Data Management as a Business Enabler

What development have spurred this interest?

I think there are a lot of reasons for this dynamic. To begin with, we can see that data management is high up on the regulatory agenda at the moment, and especially for banks being supervised by ECB.

Our Data Management and Innovation team just recently reported back experiences and observed practices during an onsite ECB inspection where they supported the client. The foundation for the inspection is the principles and expectations that ECB has derived from the BCBS 239 publication. Without going into details about the regulation, there are lessons to be learned here. They range from what preparations an institution can make for such an exercise, both in terms of preparing data management artifacts, but also from an operational perspective.

What are your reflections and observations on how these supervisory activities are carried forward?

The design and execution of such supervisory activity can become intrusive, from promptly ensuring access for interviews with senior management to time restricted fire-drills where the institutions need to put their data management capabilities to practice and check in a credible response within set time limits. It is fairly common for banks to approach advisors in simulating AML related inspections to make sure they are prepared whenever they are subject to a supervisory activity. From this perspective we believe it is reasonable to have the same mindset in the context of data management.

ECB has pointed out structural weaknesses in this field at multiple occasions, so it comes as no surprise that “addressing deficiencies in risk data aggregation and reporting” is explicitly listed in their published list of priorities for the coming three years. As such, it would make sense to review the capabilities. Especially as this supervisory cycle coincides with many banks submitting applications for using the advanced methods for calculating capital requirements for credit risk. Data quality assessments of governance and operational capacity are already in scope for these institutions. It makes sense to extend these efforts with a wider risk coverage in mind.

So, how does this apply to the Nordic region?

While national supervisors in the Nordics may have a different approach to supervisory interaction, at least for now, it can be noted that for example the Danish FSA clearly communicated their expectations on banks as well. I think their report from 2024 was well written and where the analytical conclusions have merits. Smaller banks don’t have the same resources as the larger ones. Banks using the IRB approach tend to be better organized compared to banks using the standardized approach. But still, you need to have a structured approach to managing the data to be able to manage a bank correctly. What good is a report to the board if the conclusions in them may be impaired by poor data quality?

I think this is a very interesting perspective. It’s certainly a topic we will bring to the roundtable dialogues we have with clients. That is, if you as a CRO is presenting the outcome from a portfolio simulation or stress test, how can you strike a balance between offering numerical accuracy while also provide comfort to the board that even though data will never be perfect, the presented results can be used as part of the decision-making process.

What are the critical components for being successful in this area?

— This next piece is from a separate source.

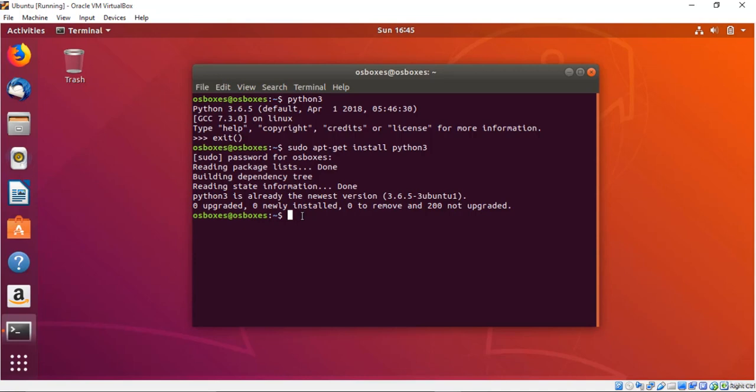Next thing is if you just get any message like unable to locate packages, first you have to update that packages. So in order to update you just use this command. So that should be the update command.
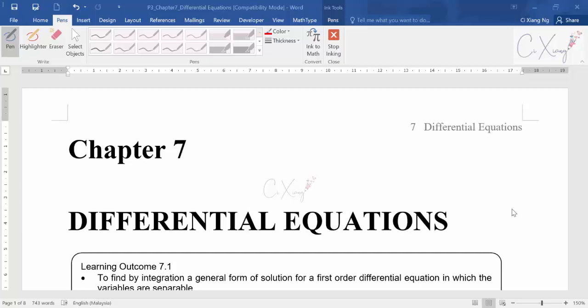Good day students. Today we are going to start with Chapter 7, which involves differential equations. This is a short chapter, and you will need the integration techniques learned in Chapter 5. If you're not yet familiar with all the techniques in Chapter 5, you may need to review it before starting this chapter, because the chapters are linked.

From the perspective of the importance of accurate data during decision making, it is hard to argue that their (the Danish FSA) approach to review capabilities and potentially apply capital add-ons as part of the Pillar 2 process is unwarranted. My colleague Björn Heir, managing the Data Management and Innovation team, always emphasize that good data management practice must start with senior management agreeing on a credible data strategy. This is important as the strategy also should include a supportive long-term funding model and mechanisms.

By experience, it is not uncommon to encounter situations where funding needs arise for resolving data quality issues, but where these are viewed as originating from the risk functions or business departments, rather than being the consequence of poorly designed framework, and therefore should be funded by their existing yearly budgets. I.e., what should have been resolved by design in a functional data management framework instead ends up as a severe constraint for the data consumers. Therefore ensuring that a robust funding model is incorporated into the strategy is arguably the most important component to become successful.  

With the capital add-ons imposed by the Danish FSA I think that the business architects and data owners now have the arguments in place to convince management about the return on investment from activities related to this area. If phrasings such as “data is the new oil” or “our largest asset is data” is to have meaning, surely management and the board would have an interest in managing it accordingly.

Finally, related to what I already mentioned, there is a common view that ECB standards and practices tend to influence or outright be integrated into national supervisory strategies. So even though ECB only supervise the largest banks in the euro-zone, it makes sense to already now prepare for a more focused approach for smaller banks in Sweden as well. Even though BCBS239 does not directly apply to a mid-/small sized Swedish bank, it is also possible to map out the regulations that do apply, connect the dots and get a view of what is expected in this area. Yet again, strong data management practices should not be viewed as a “compliance item” but rather as a business enabler allowing a bank to price and manage risks and ultimately safeguard long-term value creation to shareholders by appropriate decision-making using data that can be trusted.